Abundan los ensayos sobre la guerra de Irak. Leí uno muy explícito sobre los ménages à trois y varios de personas que sobrevivieron al abuso sexual infantil, entre ellos el naturalista Barry Lopez, un autor que ha escrito libros bellísimos sobre los lobos y cuyo tono sereno al describir su experiencia me dejó hecha un mar de llanto.
Una de las características que me ha cautivado en esta inmersión es la franqueza. Sospecho, y algún día trataré de confirmarlo, que el ensayo escrito en español adolece de una especie de rigidez que se nota en los pies… de página. Desde las primeras traducciones de Montaigne, hechas por Diego Cisneros y leídas por Quevedo y Lope de Vega todo parecía admirable y, al mismo tiempo, demasiado franco, personal, íntimo y desenvuelto.
En nuestra tradición no abunda esta soltura, esa naturalidad.
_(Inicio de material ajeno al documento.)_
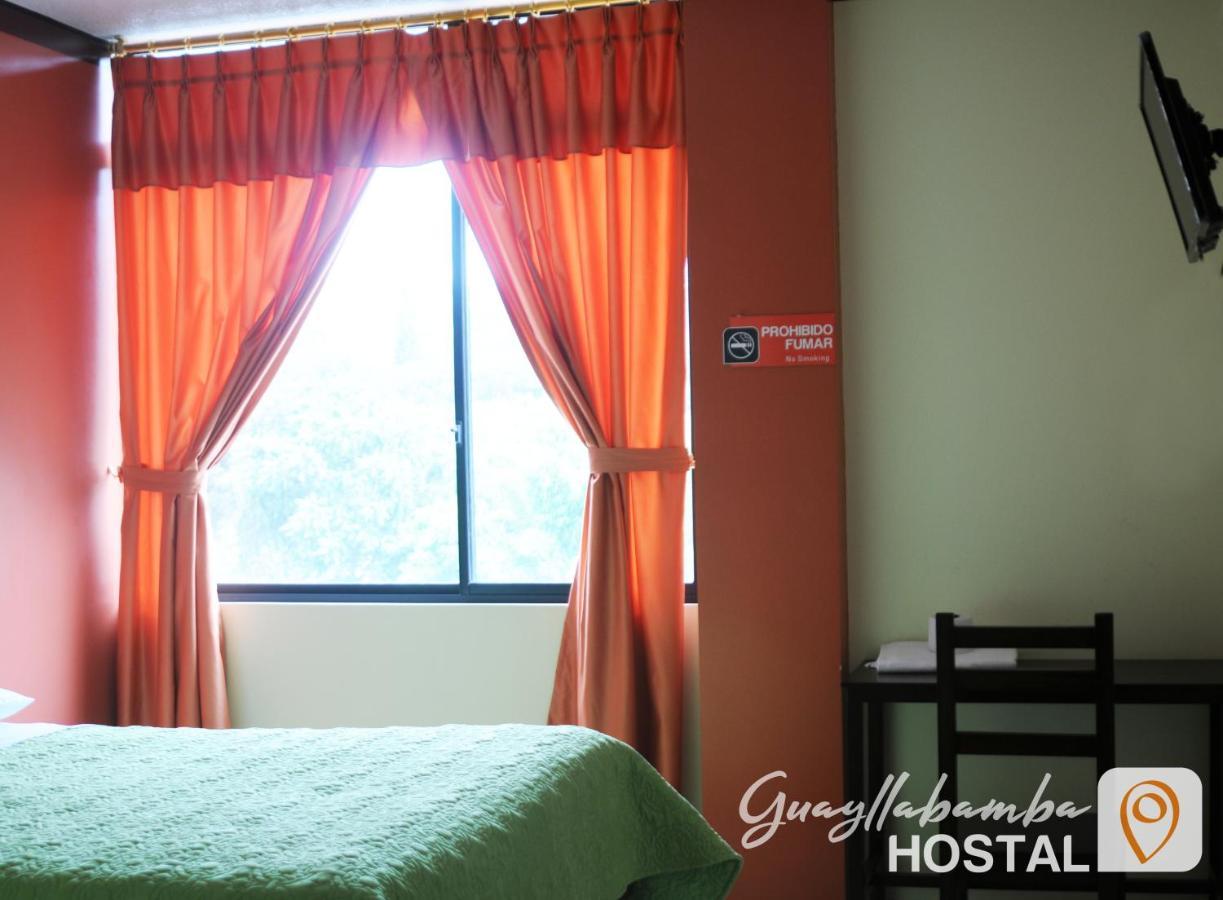 Hostal Guayllabamba Quito Exterior photo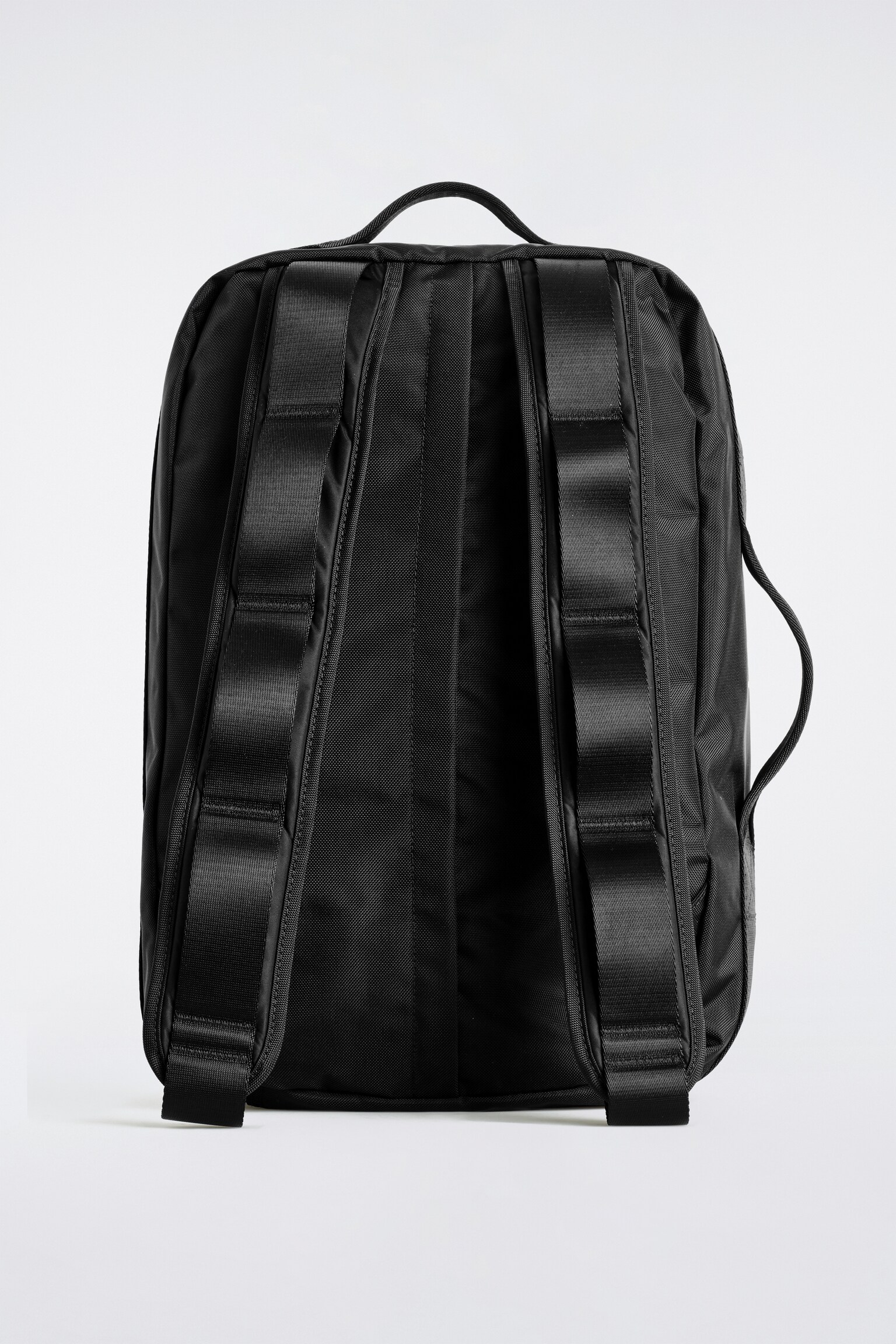 TRAVEL BACKPACK - NYLON - SCHWARZ - 6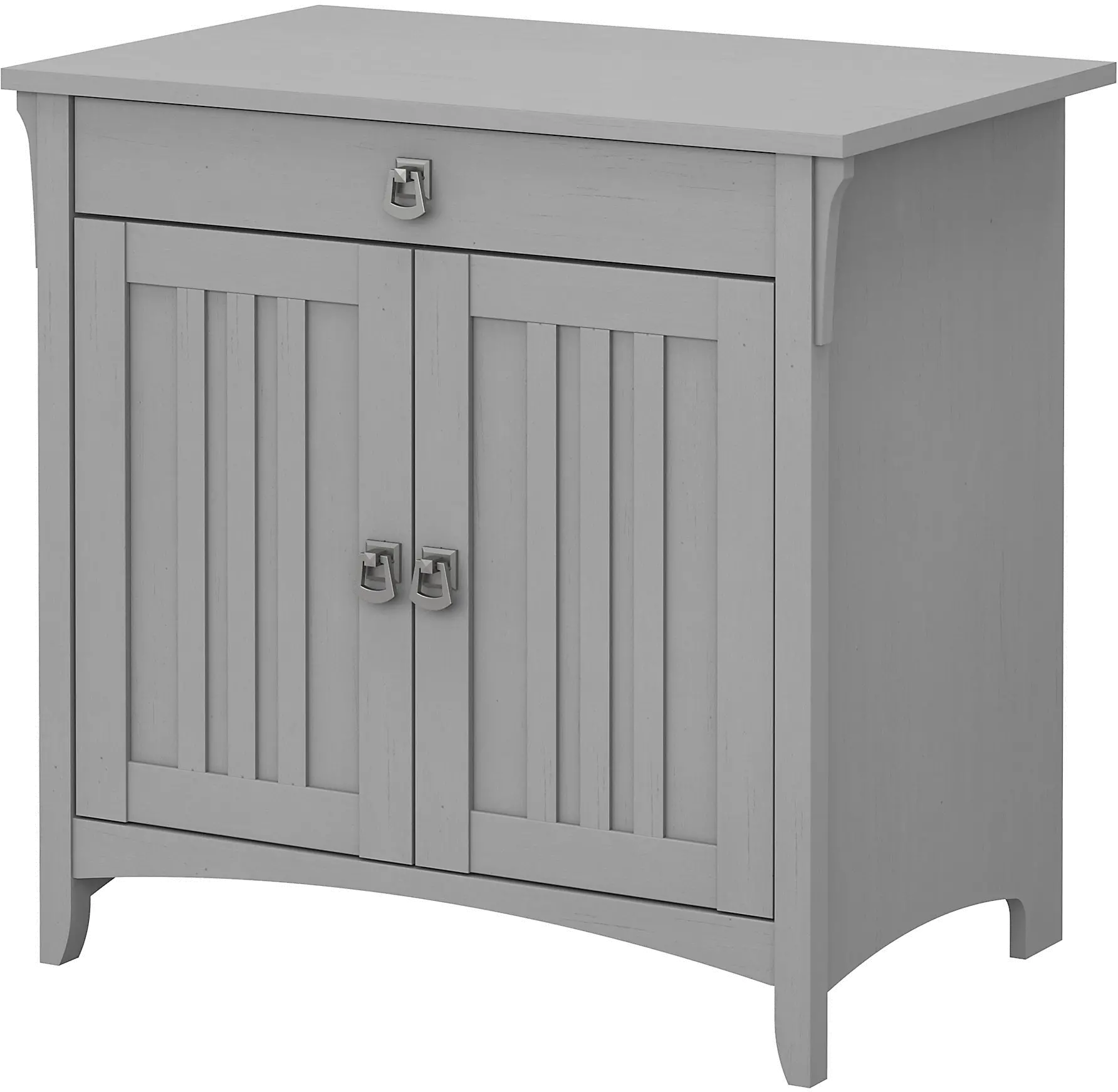 SAS432CG-03 Salinas Cape Cod Gray Secretary Desk-5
En este momento sólo me vienen a la mente dos ensayos así de sinceros, uno de Alberto Chimal, otro de Francisco González Crussí, dos escritores notables por su prosa y su inteligencia, que abordan el tema de la infancia con rigor y franqueza.
Yo no puedo escribir así, y lo lamento mucho. Cada vez que quiero hacerlo me pasmo. De los cielos baja una voz que me ordena entre truenos y luces: “No te luzcas.” Y me estoy.